La figura del prefetto ex art. 3 disp. att. del Codice civile

Nel caso di lasciti testamentari in favore di enti da istituire, l’art. 3 delle disposizioni di attuazione al Codice civile attribuisce al prefetto la gestione provvisoria dei beni. Egli agisce senza necessità di autorizzazione, in virtù della norma stessa, compiendo atti conservativi volti a garantire l’attuazione della volontà del de cuius. In situazioni di urgenza, il prefetto può chiedere la nomina di un amministratore provvisorio al tribunale del luogo in cui si è aperta la successione, il quale potrà autorizzare l’amministratore al compimento degli atti necessari, ai sensi degli artt. 782 e 783 del Codice di procedura civile.

 

I genitori del nascituro concepito (art. 643, comma 1, del Codice civile).

La legge riconosce ai genitori del nascituro concepito il potere di amministrare i beni ereditari spettanti al figlio. Tale amministrazione ha natura provvisoria e rientra nei casi in cui il legislatore colma il vuoto di titolarità ereditaria. L’art. 644 del Codice civile richiama espressamente la disciplina prevista per il curatore dell’eredità giacente, ma se ne distingue per tre profili fondamentali: in primo luogo, il curatore ex art. 528 del Codice civile è nominato dal tribunale, mentre nel caso dell’art. 644 l’individuazione degli amministratori (genitori) avviene ex lege; in secondo luogo, il curatore dell’eredità giacente riveste un ufficio di diritto privato, mentre i genitori agiscono nell’interesse proprio; da ultimo, il curatore dell’eredità giacente cessa dall’ufficio solo a seguito dell’accettazione dell’eredità, mentre i genitori possono essere esclusi anche prima dell’accettazione.

 

I rapporti tra amministratori e chiamati.

La disciplina codicistica impone un principio fondamentale: i poteri del chiamato, sia vocato che delato, cessano ogni qual volta subentri un soggetto avente un ufficio di diritto privato con poteri sovrapponibili. Tale principio trova diverse conferme nella disciplina positiva.
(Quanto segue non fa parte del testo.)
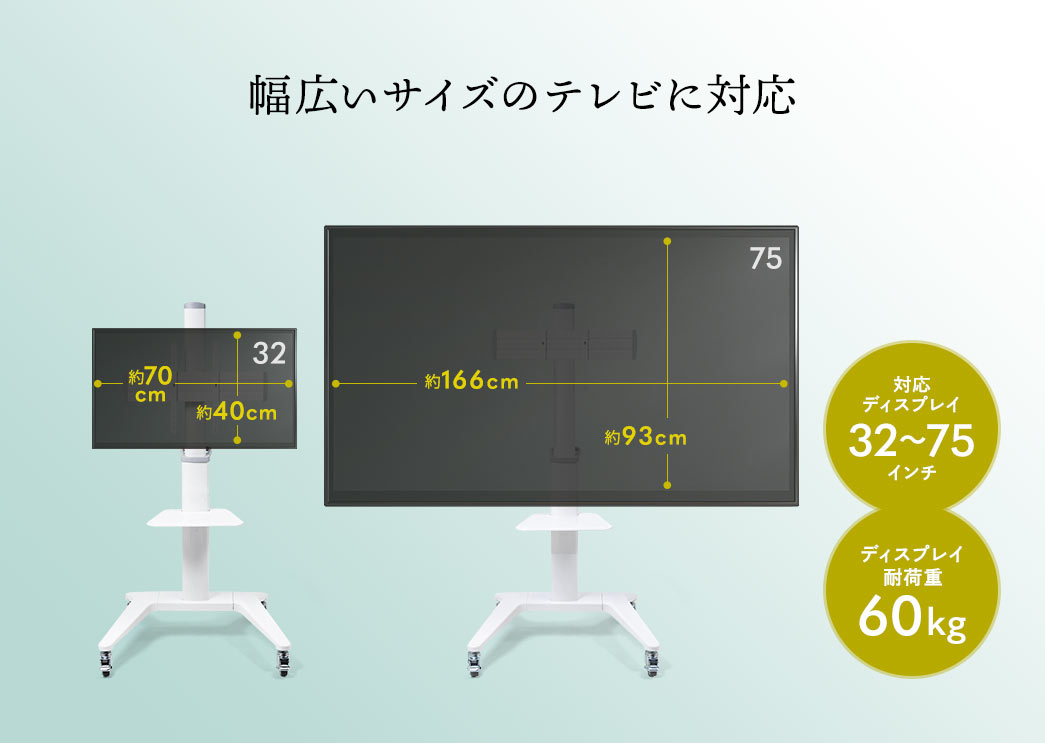 幅広いサイズのテレビに対応　対応ディスプレイ32～65インチ　ディスプレイ耐荷重60kg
Valgano, a tal fine, i seguenti esempi:

  • in presenza di un istituito sottoposto a condizione sospensiva o di un nascituro non ancora concepito, il chiamato non è destinatario di una delazione attuale, dunque non è titolare di specifici poteri gestori che rischiano di sovrapporsi a quelli dell’amministratore;
  • qualora il chiamato non sia nel possesso dei beni, la nomina del curatore ai sensi dell’art. 528 del Codice civile determina il venir meno dei poteri gestori del primo, mentre la presenza di un chiamato nel possesso dei beni ereditari impedisce la nomina del curatore dell’eredità giacente.

I poteri del chiamato (vocato o delato, che sia) possono coesistere solamente con la nomina di un esecutore testamentario, ma con la precisazione che, in questo caso, il chiamato sarà comunque tenuto a svolgere un’attività di vigilanza sull’operato dell’esecutore.

Conclusione: verso una razionalizzazione della gestione ereditaria intermedia.

La gestione dei beni ereditari prima dell’acquisto dell’eredità costituisce un settore normativamente articolato e complesso, dove l’esigenza di tutela dell’interesse ereditario si confronta con la salvaguardia della libertà del chiamato.
La giurisprudenza e la dottrina più recente tendono ad accogliere soluzioni flessibili e pragmatiche, volte a garantire la continuità nella cura del patrimonio ereditario senza anticipare indebitamente l’effetto dell’acquisto. Una razionalizzazione organica della materia sarebbe auspicabile, valorizzando i principi di proporzionalità, efficienza e certezza giuridica.